Saturday, May 6, 2017

Reminder: Lube Your Gun Regularly

Went shooting today with my son-in-law and his not yet gun owner brother and a couple handguns would not reliably eject spent cartridges.  After inspection and thought, I concluded the problem was that neither gun had been fired in some months, and therefore not lubed.  Friction on dry metals surfaces prevents the slide from doing a proper motion.  Lubing all semiautos is now on the recurring calendar.

We cleaned guns together as a learning experience.  My son-in-law's brother being an engineer was very interested in how they work.  My son-in-law's ultra cheap .22 bolt action, bought in college had never been cleaned.  You can imagine what we found.


  1. Or perhaps use a high quality grease like Tetra's? I've heard greases can cause problems in dusty conditions, but that hasn't been a problem for me.
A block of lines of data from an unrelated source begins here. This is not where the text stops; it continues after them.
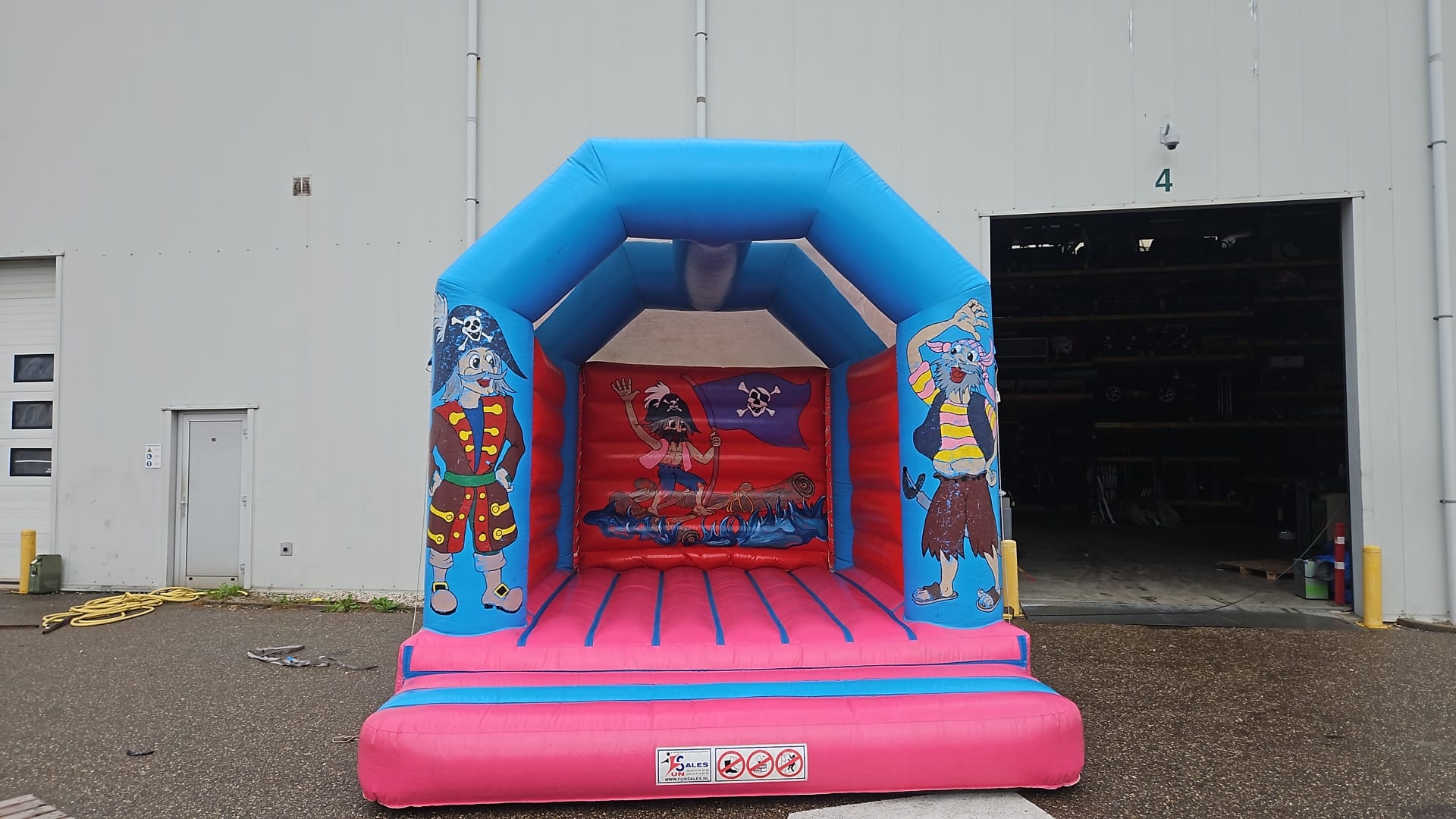 Verkoop - Boogkussen piraat met overkapping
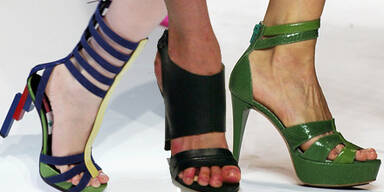 Bunte Luxus-Sandalen für den Frühling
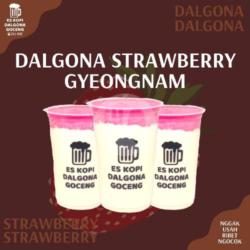 Dalgona Strawberry Regular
    When I do a thorough cleaning, I detail strip, degrease, spray every surface with Tetra Spray (which at minimum gets all surfaces covered a hydrophobic and slick coating of polytetrafluoroethylene (AKA Teflon™) particles quite a bit smaller than those in CLP), then lightly grease surfaces that slide past each other, and use Tetra oil for where I need penetration.

    With this regime a 1911 can go for years, sitting in a gun rag, or carried, with occasional minimum firing, or even after putting several hundred rounds through it early in that period (although after such treatment I always clean my carry weapon).

  2. Over lubing is a big problem in semi-autos, so you have to be careful.

  3. I clean and then lube my firearms after all practice sessions. I also oil the firearms once a year: gun oil on metal and wood oil on the stocks. Standard maintenance.